Purgatório - Canto XI

Dante Alighieri


"As almas dos orgulhosos cantam o Pai Nosso, como parte da penitência que visa purificá-las através do exercício da humildade."

    "Ó Padre nosso que nos Céus estás,
    não circunscrito, mas em todo o amor,
    que aos primos entes do teu feito dás,


    louvado seja o teu Nome e Valor
    por toda criatura, à qual apraz
    render graças também ao teu Vapor.


    Bem venha do Teu reino a nós a paz,
    porque de procurá-la, se dos Céus
    não vier mais, nosso engenho é incapaz.

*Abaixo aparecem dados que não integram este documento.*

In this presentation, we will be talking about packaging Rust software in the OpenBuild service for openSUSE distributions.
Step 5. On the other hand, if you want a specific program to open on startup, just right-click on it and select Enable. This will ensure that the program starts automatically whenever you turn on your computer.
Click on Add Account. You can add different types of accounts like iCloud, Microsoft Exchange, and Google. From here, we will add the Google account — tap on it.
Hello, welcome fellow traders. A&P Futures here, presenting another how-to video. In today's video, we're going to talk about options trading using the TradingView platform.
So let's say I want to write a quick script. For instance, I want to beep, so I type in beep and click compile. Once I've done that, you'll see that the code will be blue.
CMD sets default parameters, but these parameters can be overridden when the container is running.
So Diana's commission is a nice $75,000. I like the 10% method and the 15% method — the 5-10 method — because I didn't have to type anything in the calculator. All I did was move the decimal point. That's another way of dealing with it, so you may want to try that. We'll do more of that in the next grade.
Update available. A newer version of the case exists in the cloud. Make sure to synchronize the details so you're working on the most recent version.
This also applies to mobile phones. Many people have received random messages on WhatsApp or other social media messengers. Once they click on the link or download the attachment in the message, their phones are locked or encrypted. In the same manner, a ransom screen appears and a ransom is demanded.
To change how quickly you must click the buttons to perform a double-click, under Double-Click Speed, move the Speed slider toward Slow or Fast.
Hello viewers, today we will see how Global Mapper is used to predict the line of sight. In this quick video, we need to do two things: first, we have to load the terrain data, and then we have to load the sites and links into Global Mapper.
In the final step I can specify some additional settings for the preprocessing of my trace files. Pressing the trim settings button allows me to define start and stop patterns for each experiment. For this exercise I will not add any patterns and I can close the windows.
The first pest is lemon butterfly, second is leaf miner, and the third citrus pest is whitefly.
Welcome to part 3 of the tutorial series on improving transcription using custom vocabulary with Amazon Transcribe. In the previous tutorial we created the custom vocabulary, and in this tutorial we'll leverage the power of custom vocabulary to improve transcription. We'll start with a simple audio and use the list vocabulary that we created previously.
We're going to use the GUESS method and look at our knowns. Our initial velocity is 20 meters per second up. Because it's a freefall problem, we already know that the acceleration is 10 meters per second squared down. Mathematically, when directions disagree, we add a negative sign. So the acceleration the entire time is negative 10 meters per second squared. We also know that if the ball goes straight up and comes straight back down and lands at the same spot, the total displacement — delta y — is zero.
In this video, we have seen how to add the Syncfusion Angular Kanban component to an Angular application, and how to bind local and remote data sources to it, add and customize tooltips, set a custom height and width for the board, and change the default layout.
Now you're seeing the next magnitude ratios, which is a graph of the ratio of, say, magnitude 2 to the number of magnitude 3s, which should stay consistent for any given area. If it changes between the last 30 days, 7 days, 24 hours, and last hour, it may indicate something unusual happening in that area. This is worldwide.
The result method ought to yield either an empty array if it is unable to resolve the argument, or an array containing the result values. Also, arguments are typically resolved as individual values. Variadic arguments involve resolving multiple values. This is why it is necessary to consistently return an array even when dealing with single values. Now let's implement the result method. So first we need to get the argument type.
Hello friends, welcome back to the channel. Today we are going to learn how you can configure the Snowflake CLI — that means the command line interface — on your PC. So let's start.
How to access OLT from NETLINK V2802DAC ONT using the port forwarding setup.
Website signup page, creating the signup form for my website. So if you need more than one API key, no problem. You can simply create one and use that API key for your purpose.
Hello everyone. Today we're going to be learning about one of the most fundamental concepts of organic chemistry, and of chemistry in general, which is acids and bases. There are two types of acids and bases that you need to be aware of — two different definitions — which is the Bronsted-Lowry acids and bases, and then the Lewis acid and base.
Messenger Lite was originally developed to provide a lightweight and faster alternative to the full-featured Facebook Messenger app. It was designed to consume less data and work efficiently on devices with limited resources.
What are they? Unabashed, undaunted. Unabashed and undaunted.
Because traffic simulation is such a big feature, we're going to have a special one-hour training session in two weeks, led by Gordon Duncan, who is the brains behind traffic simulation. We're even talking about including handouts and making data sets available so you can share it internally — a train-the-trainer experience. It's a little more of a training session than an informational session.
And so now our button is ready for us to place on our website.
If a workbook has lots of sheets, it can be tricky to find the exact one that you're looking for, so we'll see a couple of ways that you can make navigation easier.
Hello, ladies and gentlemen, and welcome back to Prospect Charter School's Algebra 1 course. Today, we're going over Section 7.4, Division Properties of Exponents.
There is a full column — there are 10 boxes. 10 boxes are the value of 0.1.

    Como, de seu querer, os anjos teus
    fazem, cantando a ti, renúncia pia,
    o mesmo façam os homens dos seus.


    Dá-nos hoje o maná de cada dia,
    que, se faltar neste deserto infido,
    vi pra trás quem pra frente mais porfia.


    E como nós o mal que hemos sofrido
    a cada um perdoamos, tu perdoa
    benigno, sem cuidar se é merecido.


    Nossa virtude que preste esboroa
    não experimentes co' o antigo adversário
    mas dele nos liberta, que a aguilhoa.


    Este rogo, Senhor, que último eu digo,
    por supérfluo, não é pra o nosso bando,
    mas pra os que ainda não têm o seu castigo".

De sua principal obra, "A Divina Comédia" ("Purgatório"), Editora 34 Ltda. - São Paulo, pág. 73, tradução de Italo Eugenio Mauro, extraímos o texto acima.